Center for Food Safety Files Motion for Summary Judgment in Challenge to EPA’s Approval of Toxic Enlist Herbicides
25 August 2025, Washington: Late yesterday, plaintiffs Center for Food Safety (CFS), Pesticide Action and Agroecology Network, and Alianza Nacional de Campesinas (represented by the Center for Food Safety) filed a motion for summary judgment in an ongoing case against the U.S. Environmental Protection Agency (EPA) over the unlawful approval of Enlist One and Enlist Duo—two herbicides that contain highly toxic 2,4-dichlorophenoxyacetic acid (2,4-D).

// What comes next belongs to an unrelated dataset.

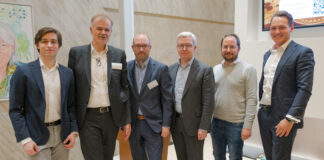 Alexander Sailer, Walter Mösenbacher, Alexander Eisl, Michael Höllerer, Paul Pöltner (DAAA) und Jan-Michael Steiner diskutierten über das Potenzial von Kryptoassets.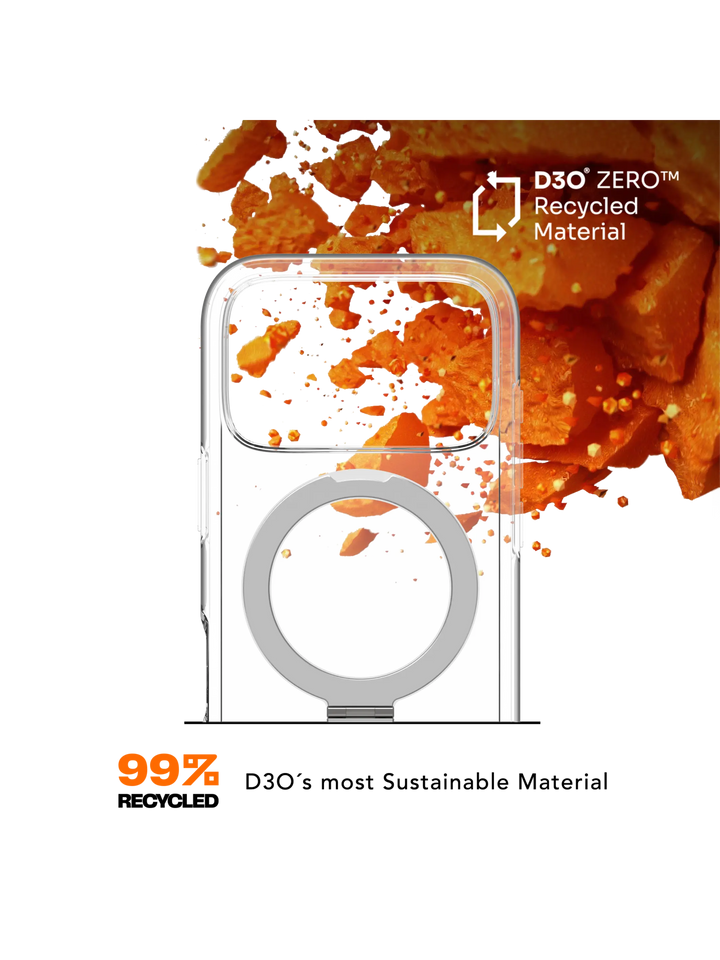 Iceland Ultra D3O MagSafe Kickstand - iPhone 17 Pro - Clear Phone Case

Enlist Duo also contains the added ingredient glyphosate, another toxic herbicide with harmful effects on human health.
In the agency’s registration of both Enlist products, EPA sidestepped its legal obligations under the Federal Insecticide, Fungicide, and Rodenticide Act (FIFRA) to ensure pesticides “will not generally cause unreasonable adverse effects on the environment” before registering or renewing them.
“EPA approved these toxic products without performing the rigorous cost-benefit analysis the law demands, despite new evidence demonstrating the significant harmful effects of these toxic herbicides.” said Kristina Sinclair, staff attorney at CFS. “Farmers, rural communities, pollinators, and our environment cannot afford to contend with the impacts of EPA’s shortcuts.”
EPA’s Failures in the Enlist Re-Approval
CFS’s filing details how EPA’s re-approval of Enlist One and Enlist Duo tilted the scales in favor of pesticide manufacturers while downplaying—or outright ignoring—the mounting costs:
- Outdated and misleading usage data: EPA relied on early commercialization figures, disregarding recent data showing surging use.
- Understated costs of resistance: EPA admitted 2,4-D drives “highly concerning” herbicide resistance yet failed to analyze its economic or environmental toll.
- Inflated benefits: EPA portrayed Enlist products as effective against resistant weeds despite evidence of overreliance fueling even more resistance.
- Ineffective mitigation measures: EPA approved “pick list” runoff controls and 3-foot vegetative buffers that its own scientists have deemed inadequate.
Enlist herbicides have been linked to the poisoning of monarch butterflies and destruction of their milkweed habitat, contamination of water supplies, crop damage from off-target drift, and the spread of “superweeds” resistant to multiple classes of herbicides. These impacts impose billions of dollars in costs on farmers and degrade ecosystems for generations.
“It’s clear that Enlist herbicides are harming farmworkers and rural communities. The EPA’s approval of these dangerous pesticides puts women and their communities at risk, including heightened cases of reproductive issues and cancer, and shows an utter disregard for public health. We cannot allow the use of chemicals like Enlist without properly considering necessary health safeguards or community protection measures that can protect every single woman, child and man forced to interact with these pesticides,” said Mily Trevino-Sauceda, Executive Director of Alianza Nacional de Campesinas.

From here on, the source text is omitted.